Ada yang mengatakan bahwa kita mustahil akan bisa swasembada beras dalam waktu dekat ini. Penyebabnya satu, yaitu karena kita masih mengimpor pacul (cangkul) terutama dari Tiongkok.
Impor pacul ini kemudian membuat Presiden Jokowi merasa malu. Apalagi pacul ini bukan untuk pertama kali ini diimpor, karena ternyata pacul impor ini sudah lama beredar di tanah air.
Pernyataan presiden terkait cangkul impor ini kemudian menarik perhatian masyarakat. Mulai dari mahasiswa, anggota parlemen, pebisnis, awak media, orang nyinyir hingga lelaki hidung belang pun kemudian melakukan analisis mendalam terkait cangkul impor ini.
Padahal para penjual dan end user (pemakai) dari pacul ini, tidak pernah mempersoalkan certificate of origin atau asal usul dari sipacul ini. Patokannya sederhana saja, dan tidak rasis. Ada barang, cocok harga, transaksi pun terjadi, dan pacul pun berpindah tempat dari tangan pedagang ke tangan pembeli.
Kali ini Pemerintah dan Oposan/kaum nyinyir ternyata kompakan mencela impor pacul ini tanpa tahu masalahnya secara komprehensif. Kalau masalahnya saja tidak diketahui secara benar, bagaimana mungkin bisa mencari solusinya secara tepat dan benar pula.
Impor cangkul ini sebenarnya tersebab karena produsen dalam negeri tidak mampu memenuhi permintaan cangkul di dalam negeri. Selain faktor produksi, faktor harga juga turut bermain disini, karena ternyata cangkul buatan Tiongkok lebih murah harganya daripada cangkul  buatan Mojokerto misalnya. Faktor "dumping" (produk dari Tiongkok) tentu saja menjadi perhatian utama penulis dalam menyikapi impor cangkul ini.
Berbicara tentang cangkul yang terbuat dari besi itu, tentu tak terlepas dari pembahasan tentang industri besi/baja tanah air. Apalagi konon katanya PT Krakatau Steel itu pun sudah lama merugi tersebab berbagai "kendala manajemen." Akibatnya bisa ditebak, biaya produksi tinggi, otomatis harga jual besinya kepada produsen cangkul lokal juga mahal!

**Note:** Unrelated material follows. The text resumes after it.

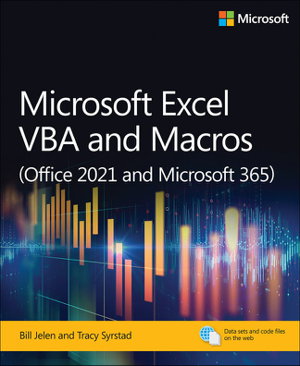 Cover art for Microsoft Excel VBA and Macros (Office 2021 and Microsoft 365)
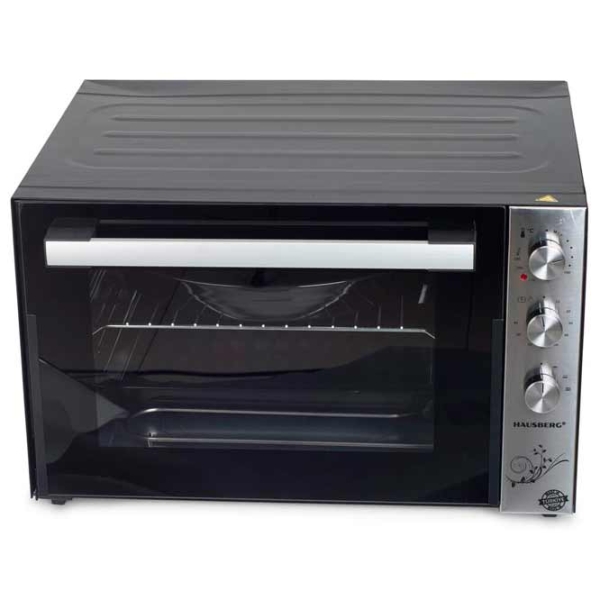 Электрическая печь HAUSBERG HB8022 Черный 2500 Вт, 70 л photo 10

Mayoritas produksi cangkul buatan lokal masih memakai teknologi sederhana di bengkel rumahan yang juga merupakan warisan keluarga turun temurun.

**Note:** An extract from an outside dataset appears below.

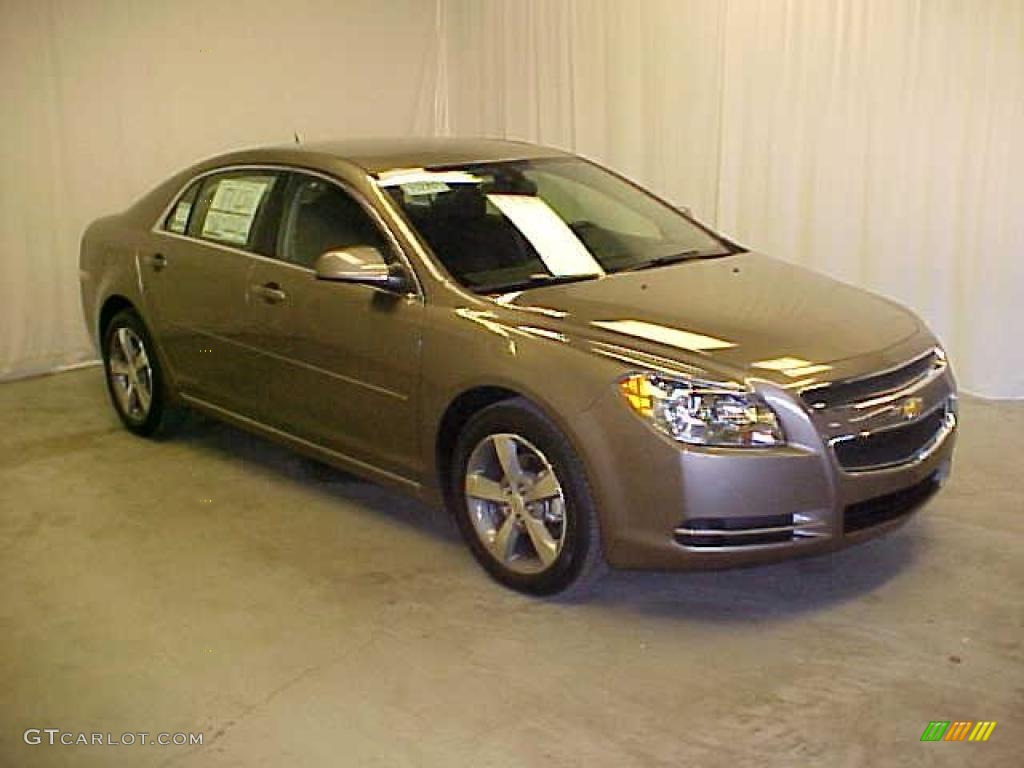 2011 Malibu LT - Mocha Steel Metallic / Ebony photo #1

Pada zaman dulu ketika pekerjaan masyarakat masih banyak di sektor agraris, mungkin di setiap desa ada dua sampai tiga bengkel besi. Ketika kemudian terjadi pergeseran pola mata pencaharian masyarakat ke sektor lain, maka kini belum tentu di setiap kecamatan ada satu buah bengkel besi.

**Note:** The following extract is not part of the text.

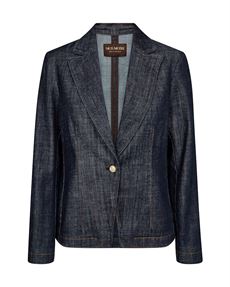 MOS MOSH BLAZER, MMDIANE NIPPON BLAZER, DARK BLUE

Dengan semakin berkurangnya "Mpu gandring" (pengrajin cangkul yang ahli) maka otomatis kualitas dan kuantitas cangkul yang dihasilkan oleh pengrajin cangkul lokal juga menurun.
Hukum ekonomi itu selalunya dipengaruhi oleh dua kutub berseberangan yaitu hukum permintaan dan penawaran. Ketika permintaan melebihi penawaran, maka "cangkul aseng" pun segera datang untuk membentuk ekuilibrium dalam dunia percangkulan tanah air.